Your instructions. Look through the data below for the line with "Bern Skyline Flagge, Schweiz", and transcribe it exactly together with each line after it up to and including the line with "Superstar | Biodegradable". Give nothing else.

Recorded data.
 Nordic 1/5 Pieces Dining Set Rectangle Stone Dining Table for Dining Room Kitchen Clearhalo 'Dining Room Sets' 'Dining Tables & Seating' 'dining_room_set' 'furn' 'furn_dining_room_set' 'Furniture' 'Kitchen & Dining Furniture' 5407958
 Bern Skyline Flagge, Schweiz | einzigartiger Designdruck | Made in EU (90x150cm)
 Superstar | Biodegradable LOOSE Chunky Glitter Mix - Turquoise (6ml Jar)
==
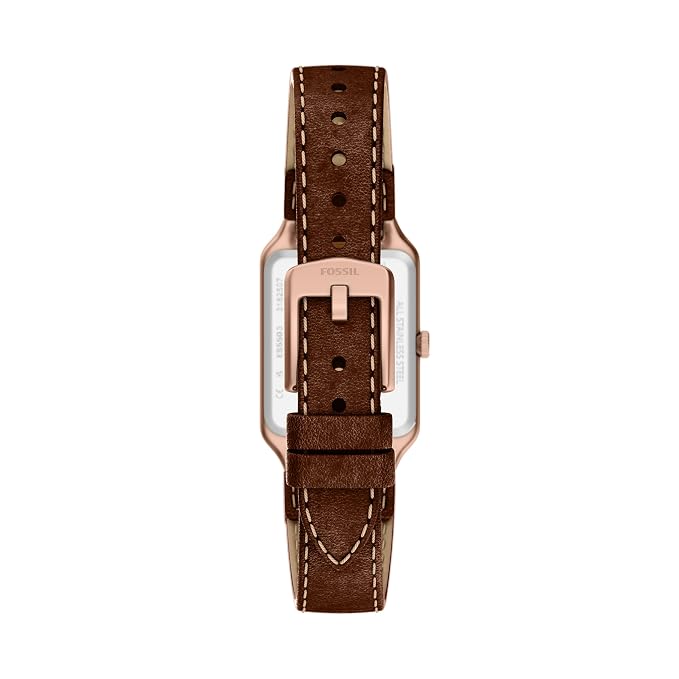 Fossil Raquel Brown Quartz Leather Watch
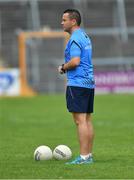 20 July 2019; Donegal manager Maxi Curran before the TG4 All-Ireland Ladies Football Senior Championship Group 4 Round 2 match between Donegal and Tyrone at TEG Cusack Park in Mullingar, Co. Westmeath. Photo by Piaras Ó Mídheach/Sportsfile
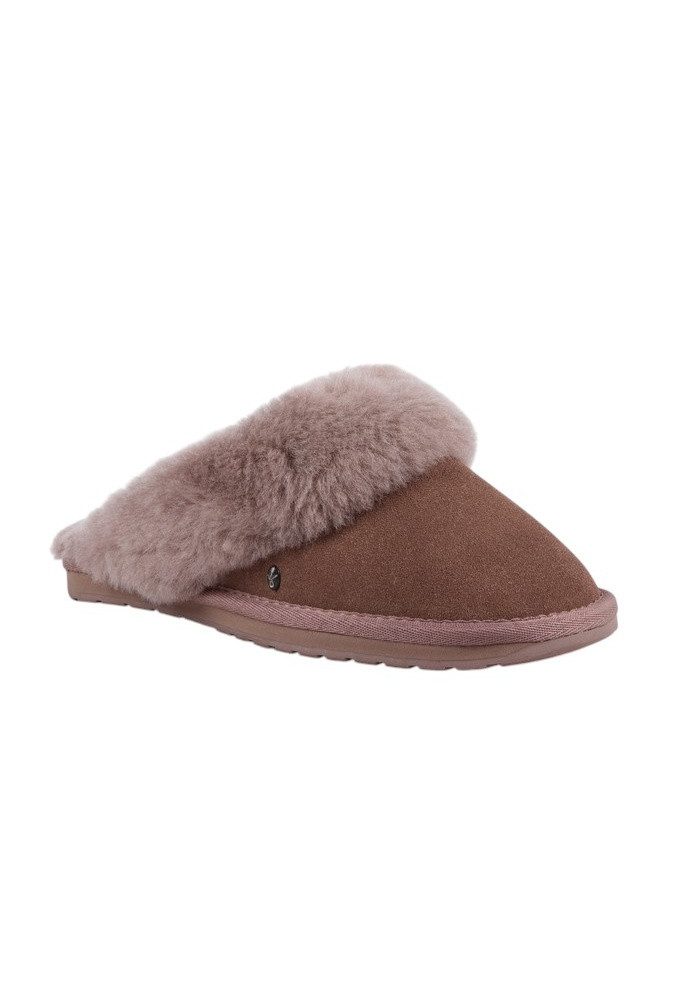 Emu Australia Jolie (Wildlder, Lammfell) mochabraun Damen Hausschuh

Result of the exercise.
 Bern Skyline Flagge, Schweiz | einzigartiger Designdruck | Made in EU (90x150cm)
 Superstar | Biodegradable LOOSE Chunky Glitter Mix - Turquoise (6ml Jar)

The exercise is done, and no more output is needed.